BonBon Girls 303 (Chinese: 硬糖少女303 Pinyin: Yìng táng shàonǚ Sān líng sān ) was a Chinese girl group, formed through the 2020 reality show Produce Camp 2020 (Chuang 2020) on Tencent Video. The group consists of seven members: Curley Gao, Zhao Yue, Wang Yijin, Chen Zhuoxuan, Nene/Zheng Naixin, Sally/Liu Xiening and Zhang Yifan.

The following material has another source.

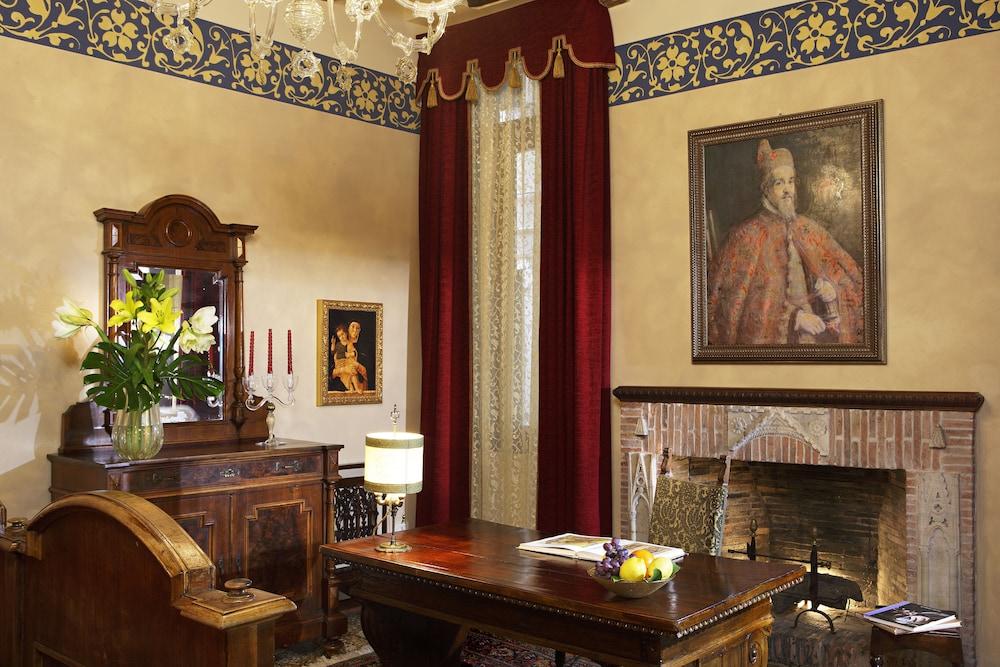 Hotel Palazzo Priuli Venice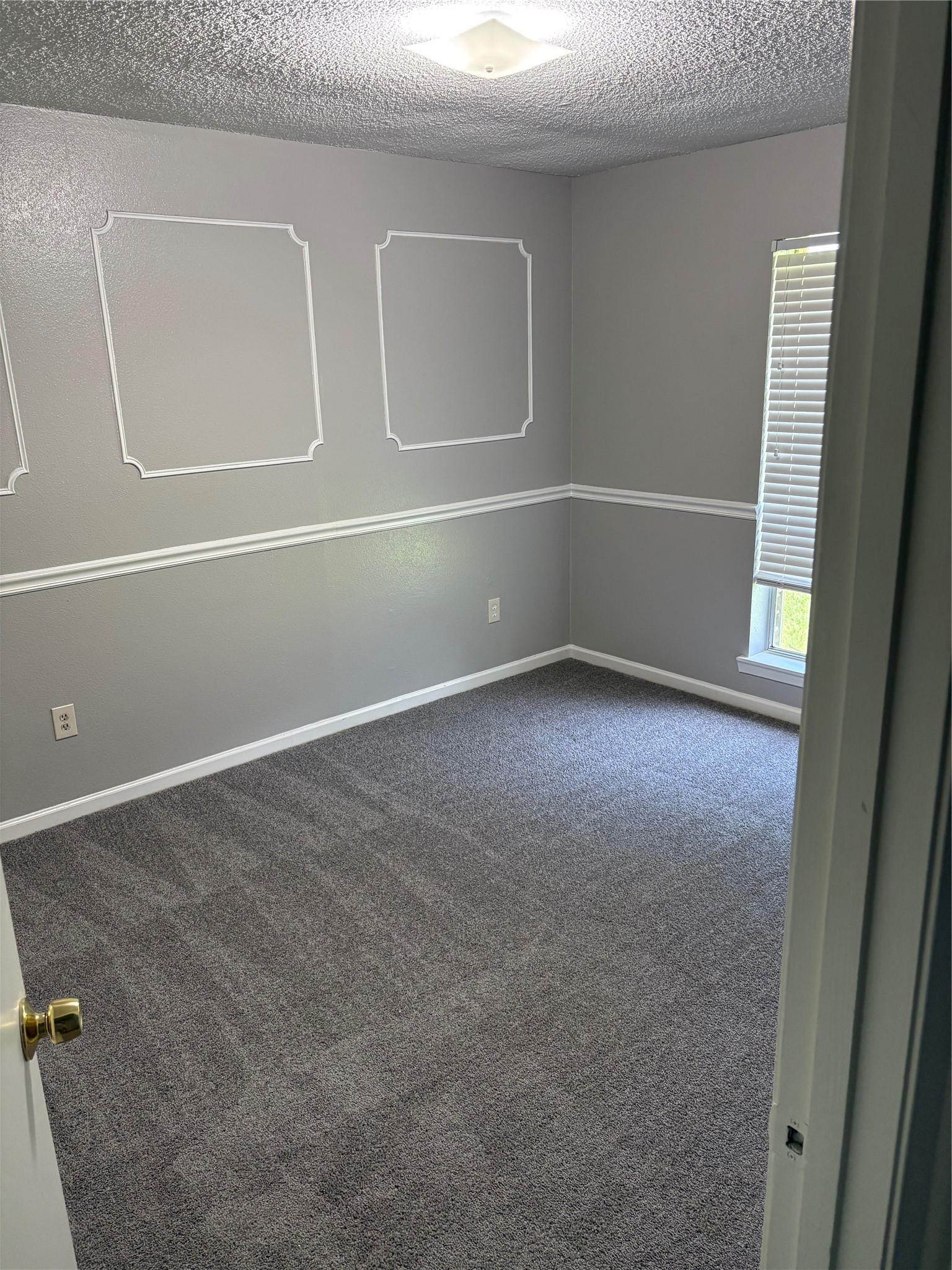226 East Dumble Street Alvin, TX 77511 - Photo 4 of 11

The group officially disbanded on July 4, 2022. 
 
They debuted on July 4, 2020, with the single "BONBON GIRLS". They were managed by Wajijiwa Entertainment.

History

Pre-debut: Produce Camp 2020 

The members participated as one of the 101 trainees in the show Produce Camp 2020 (Chuang 2020) before debuting as members of BonBon Girls 303 on July 4, 2020. Unlike previous seasons who debuted 11 members, the group members have been changed to 7 members. The final group includes members from different companies: Curley Gao, Zhao Yue, Wang Yijin, Chen Zhuoxuan, Nene/Zheng Naixin, Liu Xiening, and Zhang Yifan.

2020–2022: Debut with The Law of Hard Candy, Fearless Girls, and Bonbon Voyage 
The group released their first EP The Law of Hard Candy (硬糖定律) and its lead single "BONBON GIRLS" on August 11, 2020.

The group released their second EP Fearless Girls (了不起的女孩) and its lead single "SLAY and PLAY" on April 27, 2021.

The group released their third EP BonBon Voyage (别怕，未来会来) and its lead single "Me And My Girls" on May 20, 2022.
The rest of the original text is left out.